Les accords de diversité concernent fréquemment la diversité sociale. Il faut dire que le sujet moins polémique et que la diversité sociale, ou plutôt l'inégalité sociale peut être un facteur de rassemblement. Ceux qui traitent de diversité à raison de l'origine se rendent bien compte que les discriminations qui sont liées à l'origine sont en général couplées avec des questions d'inégalité sociale.
Or, les accords d'égalité professionnelle font peu de place à l'inégalité. Rares sont ceux qui abordent la situation des femmes travaillant à temps partiel – choisi ou subi alors que certains accords de diversité en parlent. En fait, l'inégalité sociale serait peut-être mieux abordée par les accords de diversité que par les accords d'égalité professionnelle. Quoi qu'il en soit, nous devons réfléchir à l'inégalité sociale qui frappe certaines catégories de femmes.

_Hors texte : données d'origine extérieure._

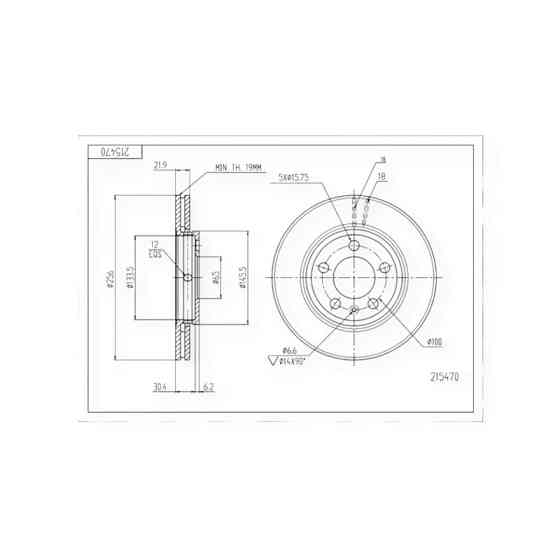 Диск Volken Bora, Polo 9N, Golf 4, 5, Octavia Tour, Fabia передний (256mmx22mm) тормозной Мукачево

Il serait intéressant de proposer au Conseil supérieur de l'égalité professionnelle, où siègent des syndicalistes, des entreprises et des chercheurs, de lancer cette réflexion et de travailler sur les accords. Il examinerait les problèmes qu'a pu rencontrer telle entreprise, les raisons pour lesquelles elle n'a pas abordé telle ou telle question, etc. Je ne suis pas une fanatique des « bonnes pratiques », mais c'est au cours des débats de ce type que l'on peut développer une nouvelle problématique et une nouvelle logique d'action.